Types of Indexes
Introduction
Indexes are special data structures that databases use to speed up data retrieval operations. Think of them like the index at the back of a book - instead of reading the entire book to find information about a specific topic, you can check the index to quickly locate the pages you need. In database terms, indexes help the database engine find data without scanning the entire table.
Without indexes, a database must perform a full table scan for every query, examining each row to determine if it matches the query criteria. With properly implemented indexes, the database can quickly locate the relevant rows, dramatically improving query performance.
In this guide, we'll explore the various types of indexes available in most database systems, when to use them, and how they can enhance your application's performance.
Common Types of Indexes
1. Single-Column Indexes
The most basic type of index is created on a single column of a table. This is useful when you frequently search, sort, or filter data based on that specific column.
-- Creating a single-column index
CREATE INDEX idx_last_name ON customers(last_name);
When to use:
- Columns frequently used in WHERE clauses
- Columns used in JOIN operations
- Columns used in ORDER BY or GROUP BY clauses
2. Composite (Multi-Column) Indexes
Composite indexes are created on multiple columns of a table. They're particularly useful for queries that filter on multiple columns simultaneously.
-- Creating a composite index
CREATE INDEX idx_last_first_name ON customers(last_name, first_name);
When using composite indexes, the order of columns matters! In the example above:
- The index is most effective for queries filtering on
last_name
alone - It's also effective for queries filtering on both
last_name
ANDfirst_name
- It's NOT effective for queries filtering only on
first_name
This is because the index is sorted first by last_name
, then by first_name
within each last_name
value.
3. Unique Indexes
A unique index ensures that the indexed columns do not contain duplicate values. This serves both as a search optimization and as a data integrity constraint.
-- Creating a unique index
CREATE UNIQUE INDEX idx_email ON users(email);
When to use:
- Enforcing uniqueness on columns that aren't primary keys
- Improving query performance on columns with high selectivity
4. Clustered Indexes
A clustered index determines the physical order of data in a table. Each table can have only one clustered index because the data rows themselves can be sorted in only one way.

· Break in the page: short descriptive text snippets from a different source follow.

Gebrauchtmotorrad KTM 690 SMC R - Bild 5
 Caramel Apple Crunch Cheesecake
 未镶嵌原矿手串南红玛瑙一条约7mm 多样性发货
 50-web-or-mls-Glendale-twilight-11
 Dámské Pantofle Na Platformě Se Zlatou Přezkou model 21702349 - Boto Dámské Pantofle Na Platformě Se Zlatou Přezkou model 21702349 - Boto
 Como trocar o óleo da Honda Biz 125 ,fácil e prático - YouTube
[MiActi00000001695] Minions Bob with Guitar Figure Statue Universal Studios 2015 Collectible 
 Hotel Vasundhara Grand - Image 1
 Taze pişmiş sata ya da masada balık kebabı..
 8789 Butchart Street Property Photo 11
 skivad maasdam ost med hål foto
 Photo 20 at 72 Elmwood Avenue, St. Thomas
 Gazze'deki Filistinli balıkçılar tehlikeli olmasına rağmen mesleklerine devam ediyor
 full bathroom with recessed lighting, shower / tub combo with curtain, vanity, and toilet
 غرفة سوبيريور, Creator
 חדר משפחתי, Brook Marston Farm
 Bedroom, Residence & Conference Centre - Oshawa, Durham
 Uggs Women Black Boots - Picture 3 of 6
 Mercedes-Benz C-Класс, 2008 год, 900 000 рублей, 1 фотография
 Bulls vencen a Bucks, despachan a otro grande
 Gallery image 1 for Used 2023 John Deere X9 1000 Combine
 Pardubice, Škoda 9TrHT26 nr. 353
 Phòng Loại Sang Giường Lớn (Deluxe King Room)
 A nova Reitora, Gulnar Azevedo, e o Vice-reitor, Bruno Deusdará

-- In SQL Server, PRIMARY KEY constraints create clustered indexes by default
CREATE TABLE products (
product_id INT PRIMARY KEY, -- This creates a clustered index
product_name VARCHAR(100),
price DECIMAL(10,2)
);
Characteristics:
- Faster for range queries since records are physically adjacent
- Slower for inserts since maintaining physical order might require data movement
- Usually created on primary key columns
5. Non-Clustered Indexes
Non-clustered indexes have a structure separate from the data rows. They contain the indexed columns and a pointer to the table rows with the matching values.
-- Creating a non-clustered index
CREATE INDEX idx_product_name ON products(product_name);
Characteristics:
- Can have multiple non-clustered indexes per table
- Good for columns frequently used in search conditions
- Slightly slower than clustered indexes for retrieval but faster for inserts and updates
6. Bitmap Indexes
Bitmap indexes are specialized indexes for columns with a low number of distinct values (low cardinality). Each bit in the bitmap corresponds to a possible record.
-- Oracle syntax for bitmap index
CREATE BITMAP INDEX idx_status ON orders(status);
When to use:
- Columns with few unique values (like status, gender, boolean flags)
- Data warehousing applications with many concurrent queries but infrequent updates
- Not recommended for OLTP systems with frequent updates
7. Full-Text Indexes
Full-text indexes are designed to support efficient full-text searches on text data, such as documents or long text fields.
-- SQL Server example
CREATE FULLTEXT INDEX ON articles(content)
KEY INDEX PK_articles;
When to use:
- Text searching capabilities including relevance ranking
- Support for linguistic searches (word stemming, thesaurus, etc.)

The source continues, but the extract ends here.